AdRank is calculated by multiplying your maximum cost-per-click bid by the Quality Score of your ad. This is calculated by measuring the relevance of your page to the keyword, user experience and click-through rate. This means that just because they have the largest ad budget, companies can’t get the top rankings for every keyword they want. Your content needs to be engaging.
Google Ads wants to encourage the best advertisers to promote the best content on their search engine results pages. Therefore, they reward high quality ads with higher ad placements and lower cost per click.
With that in mind, they also want to deter bad advertisers from promoting bad content. As a result, advertisers with low quality scores typically only get a high ad position if they pay a high cost-per-click bid. If you want to cut a cost-per-click price, you have to be content with bending down at the bottom of the ad ranking.
When you win a Google auction, your actual cost-per-click is calculated by the second highest ad rank divided by your Quality Score plus one cent. You only pay your winning bid if you are the only bidder in the auction or if you make the highest bid in the auction but have the lowest Ad Rank. In this case, you will get the last ad rank.
Google Ads (ad) / Google AdSense
In the case of display ads, just like search ads, advertisers bid on the publisher’s ad space in the Google Ads auction. You are bidding on certain keywords. If a publisher’s content contains the same or similar keywords, Google sells its ad space to the highest bidder and pays the publisher a small fraction of the bid when people click the ad on their website.

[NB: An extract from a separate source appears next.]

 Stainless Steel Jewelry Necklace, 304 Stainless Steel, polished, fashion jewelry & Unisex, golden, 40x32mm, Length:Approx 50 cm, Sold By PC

However, AdSense does not optimize the ads that appear on the publisher’s website for maximum return on investment, as Google Ads does for the search engine advertisers when they want to optimize their advertising campaigns. Essentially, the amount of money a publisher can make using AdSense depends on how well they are placing the ads on their website and how well advertisers are able to produce their ads.
However, publishers have control over the types of ads displayed. You can choose from text ads, display ads, rich media ads, and more. You can also customize the style of your ad or create your own which allows you to change the size, color, text, background and border details of the ads that appear on your website. In addition, they can only place three content ads, three link ads and two search fields on each of their websites.
Google Ads (both search and ad) and Google AdSense are effective ways to generate income from digital advertising methods – the former when you drive traffic to your website and the latter when you use your website to drive traffic elsewhere to steer.
Once you have selected the programs that are right for you, it is time to begin your strategy and execution.